I have a set of data points in 3D space which apparently all fall onto a specific plane. I use PCA to compute the plane parameters. The 3rd component of PCA gives me the normal vector of the plane (weakest component).

What I want to do next is to transform all the points onto said plane and look at it in 2D.

My idea was to do the following:

• Find a center point (average point) on the plane
• Substract it from all data points to arrange them around the origin
• Rotate the normal so that it becomes (0,0,-1)
• Apply this rotation to all data points
• Use orthogonal projection (basically, skip z axis)

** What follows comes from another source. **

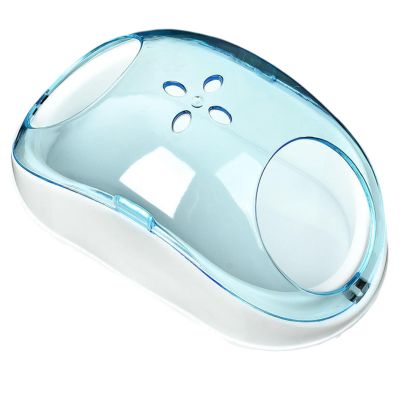 Transparent, Dustproof Hamster Bath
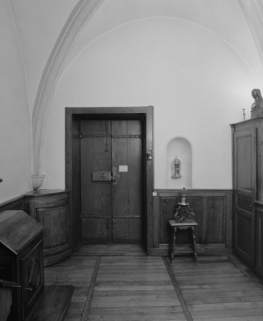 Petite sacristie. © Région Bourgogne-Franche-Comté, Inventaire du patrimoine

Now I'm stuck at finding the right rotation operation. I tried working with acos or atan and setting up two rotation matrices. Seems both methods (using acos, using atan) give me the wrong result. Perhaps you can help me out here!

Matlab code follows:

b = atan(n(1) / n(2));
rotb = [cos(b) -sin(b) 0; sin(b) cos(b) 0; 0 0 1];
n2 = n * rotb;
a = atan(n(1) / n(3));
rota = [cos(a) 0 sin(a); 0 1 0; -sin(a) 0 cos(a)];
n3 = n2 * rotaows:

I expect n2 to have y component of zero. However that fails already for the vector (-0.6367, 0.7697, 0.0467).

Answer 1

If you have a plane, you have a normal vector and an origin. I wouldn't do any "rotations" at all. You're just a few vector operations away from your answer.

• Let's call your plane's normal vector the new z axis.
• You can generate the new y axis by crossing the old x axis with the new z axis (your plane's normal).
• Generate the new x axis by crossing the new z with the new y.
• Make all your new axis vectors into unit vectors (length 1).
• For every point you have, create a vector that's from your new origin to the point (vector subtraction of point - plane_origin). Just dot with the new x and new y unit vectors and you get a pair (x,y) you can plot!

If you have cross and dot product functions already, this is just a few lines of code. I know it works because most of the 3D videogames I wrote worked this way.

Tricks:

• Pay attention to which directions your vectors are pointing. If they point the wrong way, negate the resultant vector or change the order of the cross product.
• You have trouble if your plane's normal is exactly the same as your original x axis.

Answer 2

How about:

Decompose the normal vector into a vector in the XY-plane and a Z vector. Then apply a rotation around the Z-axis to line up the XY vector with one of the axis. Then find the dot product of the the normal with the Z-axis, and rotate along which ever of X,Y you lined up with.

The idea is to line the normal vector up with Z, and by doing that your plane is now the XY plane.

Answer 3

Here's the accepted answer made in Python:

import numpy as np

def rotate(points, normal, around):
  # Let's rotate the points such that the normal is the new Z axis
  # Following https://stackoverflow.com/questions/1023948/rotate-normal-vector-onto-axis-plane
  old_x_axis = np.array([1, 0, 0])

  z_axis = normal
  y_axis = np.cross(old_x_axis, z_axis)
  x_axis = np.cross(z_axis, y_axis)
  
  axis = np.stack([x_axis, y_axis, z_axis])

  return np.dot(points - around, axis.T)

points = np.array([
    [0, 1, 1],
    [0, 1, 0.2],
    [1, 0, -7]
])

v1 = points[1] - points[0]
v2 = points[2] - points[0]

normal = np.cross(v1, v2)
print("rotated points", rotate(points, normal, points[0]))

Answer 4

Although there were other interesting responses, this is the solution we figured out while waiting for answers:

function roti = magic_cosini(n)
    b = acos(n(2) / sqrt(n(1)*n(1) + n(2)*n(2)));
    bwinkel = b * 360 / 2 / pi;
    if (n(1) >= 0)
        rotb = [cos(-b) -sin(-b) 0; sin(-b) cos(-b) 0; 0 0 1];
    else
        rotb = [cos(-b) sin(-b) 0; -sin(-b) cos(-b) 0; 0 0 1];
    end
    n2 = n * rotb;
    a = acos(n2(3) / sqrt(n2(2)*n2(2) + n2(3)*n2(3)));
    awinkel = a * 360 / 2 / pi;
    rota = [1 0 0; 0 cos(-a) -sin(-a); 0 sin(-a) cos(-a)];
    roti = rotb * rota;

(It's returning a hopefully correct double rotation matrix)

The flaw we had before and fixed here was to esp. deal with the sign of the X component, which was not covered in the cosine computations. This made us rotate in the wrong direction once (rotating with 180° - angle).

I hope I will also find time to try Nosredna's solution! It's always good to avoid trigonometry.